As a guide to future do gooders, the lack of planning has made Iraq an unmitigated disaster. Saddam should have been an easy act to follow. But in fact since his fall we have made everything there even worse. Including the civilian death toll. Oh, there's a civil war now, too.

The world is going to have to learn how to develop a mechanism to protect itself against future nations who think they know what's best for everyone, and won't stop fixing everyone's problems even after it's abundantly clear how much worse they're making things. But first, the US has to get out of the global domination business. It's not policing, it's just intimidation. And I think in that regard only an economic collapse brought on by hyper militarization will be about the only cure possible. Nothing else will speed our learning curve.

BTW I could almost accept that the "surge" was a good idea. How do we know we've failed until we've given it one last good try?

Scorecard: Iraqi civilian death toll in February: 1,816. In March, 2,078.

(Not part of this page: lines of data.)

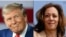 Combinación de imágenes muestra al expresidente y candidato presidencial republicano Donald Trump y a la vicepresidente y candidata presidencial demócrata Kamala Harris en Maryland 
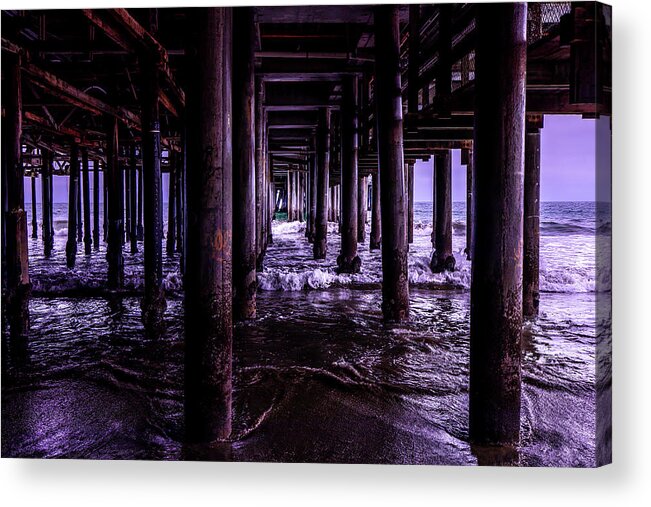 Under The Pier Acrylic Print featuring the photograph A Cloudy Day Under The Pier by Gene Parks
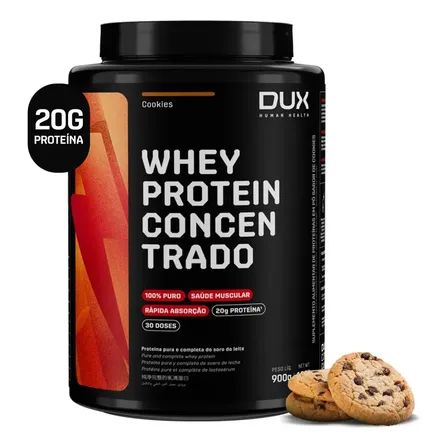 Whey Protein Concentrado Dux 900g Cookies Biscoitos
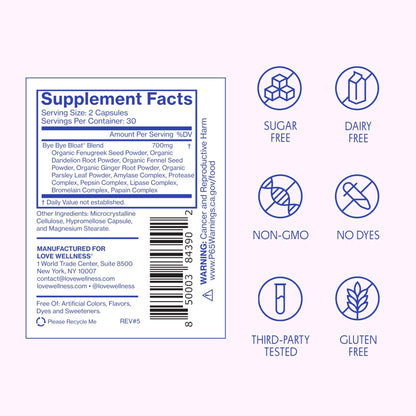 Love Wellness Bye Bye Bloat | Digestive Enzymes for Fast Acting Bloating Relief for Women | Helps Reduce Water Retention & Gas Relief | Supports Digestive Health with Fenugreek & Dandelion | 60 Count - Maple Wellness Supplements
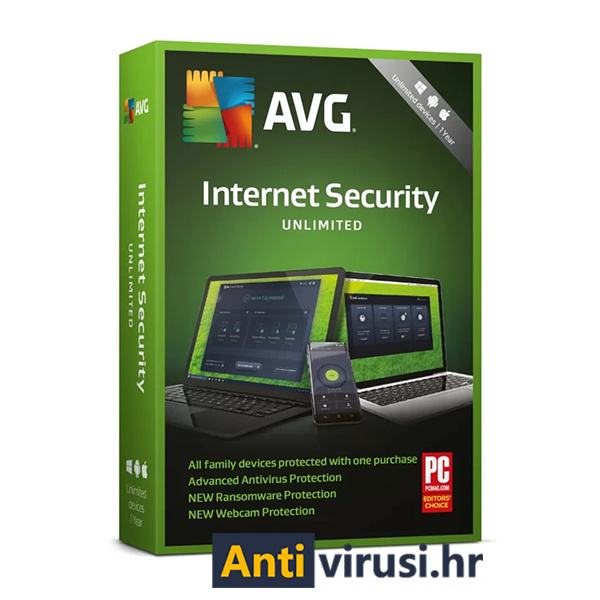 AVG Internet Security 2024 (20 uređaja, 2 godine) - Antivirusi.hr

Oh well, it was worth trying. Now we need to pack up and go home. In time maybe they will forget we were ever there.

Re having a Democrat in the White House while tax rates go up: you must have noticed the dynamic by now. Republicans slash taxes, revenues drop and deficits soar. Democrats have to be the grownups, raise taxes back up and resolve the deficits. This is politics at its worst, and a cheap trick that doesn't in the slightest have the country's best interest at heart.

The government is not as dumb as the politicians seem to be...
Iraq was really a wild card. It does go back to 9-11 and the reasonable question that if we knew all about these bad guys (Osama bin Laden and al Qaeda in that case) then why didn't we do something about them before they attacked us?

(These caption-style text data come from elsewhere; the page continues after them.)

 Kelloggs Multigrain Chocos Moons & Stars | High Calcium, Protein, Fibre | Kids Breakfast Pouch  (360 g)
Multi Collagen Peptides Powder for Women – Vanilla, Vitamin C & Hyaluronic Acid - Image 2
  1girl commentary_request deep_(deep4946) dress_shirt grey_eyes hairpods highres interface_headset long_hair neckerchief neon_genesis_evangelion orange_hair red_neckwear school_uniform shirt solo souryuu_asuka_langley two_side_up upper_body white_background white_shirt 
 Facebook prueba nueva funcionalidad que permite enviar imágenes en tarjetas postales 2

Who was attacked? Who do they chant "Death to..." about continually (besides Israel, of course) but America? It would have been irresponsible to have left Saddam Hussein in power after we took Afghanistan out of the game. It was simply too obvious how fundamentally unable we are to defend ourselves from 19-20 amateurs. Can you imagine the damage Iraq might have done to America with 1000 special operations professionals inside our borders? Remember we were still engaged in a daily air war with Iraq (since 1991) as we tried to get Saddam Hussein to behave.

As for our continuing role as global cop? We should only do what must be done. Who gets to decide what that is? The President. You and I need not like it...our phones will seldom ring.